» **Your instructions**:
Below are lines of data; restate word for word those running from the line containing "King Cobra : మన్యం జిల్లాలో 16 అడుగుల కింగ్ కోబ్రా హల్చల్ King" to the line containing "Cacti in the Red Poster", inclusive, and no others.

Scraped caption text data
· · · · ·
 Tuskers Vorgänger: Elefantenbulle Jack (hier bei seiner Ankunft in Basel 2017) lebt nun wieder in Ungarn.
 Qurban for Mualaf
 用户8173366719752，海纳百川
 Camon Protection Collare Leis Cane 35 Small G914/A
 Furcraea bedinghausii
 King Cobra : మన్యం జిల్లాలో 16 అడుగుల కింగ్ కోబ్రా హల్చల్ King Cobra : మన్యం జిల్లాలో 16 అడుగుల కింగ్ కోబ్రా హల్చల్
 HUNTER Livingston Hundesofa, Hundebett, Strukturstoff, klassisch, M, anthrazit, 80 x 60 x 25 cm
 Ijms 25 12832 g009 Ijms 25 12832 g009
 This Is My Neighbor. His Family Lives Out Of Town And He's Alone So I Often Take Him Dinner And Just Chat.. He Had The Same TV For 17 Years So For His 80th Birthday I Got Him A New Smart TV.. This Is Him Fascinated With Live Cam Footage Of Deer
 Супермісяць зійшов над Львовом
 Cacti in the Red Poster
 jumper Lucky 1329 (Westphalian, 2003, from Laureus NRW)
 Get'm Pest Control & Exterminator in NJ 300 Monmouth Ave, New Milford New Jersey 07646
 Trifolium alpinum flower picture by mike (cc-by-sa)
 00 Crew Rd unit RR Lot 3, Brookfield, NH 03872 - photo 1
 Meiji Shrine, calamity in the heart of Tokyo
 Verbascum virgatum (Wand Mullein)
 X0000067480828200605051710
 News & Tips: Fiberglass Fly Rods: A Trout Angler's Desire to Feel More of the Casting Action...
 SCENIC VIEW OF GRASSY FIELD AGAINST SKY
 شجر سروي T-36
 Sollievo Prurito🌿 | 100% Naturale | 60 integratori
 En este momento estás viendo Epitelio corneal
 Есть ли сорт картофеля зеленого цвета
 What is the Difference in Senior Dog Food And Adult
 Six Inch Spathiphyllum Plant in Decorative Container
· · · · ·
» **Task output**:
 King Cobra : మన్యం జిల్లాలో 16 అడుగుల కింగ్ కోబ్రా హల్చల్ King Cobra : మన్యం జిల్లాలో 16 అడుగుల కింగ్ కోబ్రా హల్చల్
 HUNTER Livingston Hundesofa, Hundebett, Strukturstoff, klassisch, M, anthrazit, 80 x 60 x 25 cm
 Ijms 25 12832 g009 Ijms 25 12832 g009
 This Is My Neighbor. His Family Lives Out Of Town And He's Alone So I Often Take Him Dinner And Just Chat.. He Had The Same TV For 17 Years So For His 80th Birthday I Got Him A New Smart TV.. This Is Him Fascinated With Live Cam Footage Of Deer
 Супермісяць зійшов над Львовом
 Cacti in the Red Poster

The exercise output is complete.